Assignment: Copy out each line featuring the string "restart" from the entries beneath.

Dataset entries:
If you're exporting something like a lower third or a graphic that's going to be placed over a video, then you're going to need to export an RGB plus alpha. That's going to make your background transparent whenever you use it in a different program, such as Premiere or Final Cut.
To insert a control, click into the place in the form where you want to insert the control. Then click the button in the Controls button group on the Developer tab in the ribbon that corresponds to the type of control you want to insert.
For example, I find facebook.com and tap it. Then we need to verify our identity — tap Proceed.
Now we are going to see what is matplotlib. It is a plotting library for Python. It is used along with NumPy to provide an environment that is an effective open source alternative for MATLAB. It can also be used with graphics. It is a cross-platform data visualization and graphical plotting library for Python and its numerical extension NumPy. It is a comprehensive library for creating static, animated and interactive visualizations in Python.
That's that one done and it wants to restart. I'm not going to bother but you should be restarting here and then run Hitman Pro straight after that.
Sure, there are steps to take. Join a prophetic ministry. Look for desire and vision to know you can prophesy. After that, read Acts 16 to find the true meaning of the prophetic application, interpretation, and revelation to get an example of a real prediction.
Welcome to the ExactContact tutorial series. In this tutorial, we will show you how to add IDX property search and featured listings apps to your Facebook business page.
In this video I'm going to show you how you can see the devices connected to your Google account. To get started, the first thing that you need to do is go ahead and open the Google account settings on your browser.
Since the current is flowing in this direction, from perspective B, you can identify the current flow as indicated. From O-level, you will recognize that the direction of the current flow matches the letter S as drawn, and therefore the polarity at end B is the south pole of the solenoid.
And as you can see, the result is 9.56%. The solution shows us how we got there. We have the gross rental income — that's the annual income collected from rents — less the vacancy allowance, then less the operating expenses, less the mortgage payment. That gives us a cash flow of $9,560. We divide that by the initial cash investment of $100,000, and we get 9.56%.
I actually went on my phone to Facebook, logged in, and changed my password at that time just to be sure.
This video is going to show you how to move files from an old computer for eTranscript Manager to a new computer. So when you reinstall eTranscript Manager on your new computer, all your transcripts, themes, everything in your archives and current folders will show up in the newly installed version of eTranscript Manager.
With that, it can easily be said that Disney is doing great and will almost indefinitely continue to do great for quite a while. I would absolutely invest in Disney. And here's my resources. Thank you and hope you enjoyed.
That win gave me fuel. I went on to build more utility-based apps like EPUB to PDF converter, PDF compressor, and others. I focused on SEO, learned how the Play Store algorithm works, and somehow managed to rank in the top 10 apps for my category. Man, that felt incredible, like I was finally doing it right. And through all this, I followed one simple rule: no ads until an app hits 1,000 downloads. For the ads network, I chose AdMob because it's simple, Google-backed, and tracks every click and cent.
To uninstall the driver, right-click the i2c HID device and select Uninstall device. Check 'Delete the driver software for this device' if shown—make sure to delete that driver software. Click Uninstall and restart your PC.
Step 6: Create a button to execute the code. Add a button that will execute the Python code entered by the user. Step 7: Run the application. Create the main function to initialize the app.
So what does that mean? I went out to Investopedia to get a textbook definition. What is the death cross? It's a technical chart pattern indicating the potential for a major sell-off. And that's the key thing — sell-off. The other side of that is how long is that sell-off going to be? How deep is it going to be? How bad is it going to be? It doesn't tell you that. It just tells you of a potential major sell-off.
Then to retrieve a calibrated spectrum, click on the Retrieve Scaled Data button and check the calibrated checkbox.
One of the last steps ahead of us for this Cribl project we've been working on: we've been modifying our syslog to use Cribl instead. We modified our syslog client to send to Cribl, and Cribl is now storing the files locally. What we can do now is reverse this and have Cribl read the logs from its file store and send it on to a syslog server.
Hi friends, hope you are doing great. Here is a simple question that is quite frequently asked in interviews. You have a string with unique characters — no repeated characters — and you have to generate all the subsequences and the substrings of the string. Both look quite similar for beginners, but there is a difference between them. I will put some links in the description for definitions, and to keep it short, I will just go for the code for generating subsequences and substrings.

Response to this task:
That's that one done and it wants to restart. I'm not going to bother but you should be restarting here and then run Hitman Pro straight after that.
To uninstall the driver, right-click the i2c HID device and select Uninstall device. Check 'Delete the driver software for this device' if shown—make sure to delete that driver software. Click Uninstall and restart your PC.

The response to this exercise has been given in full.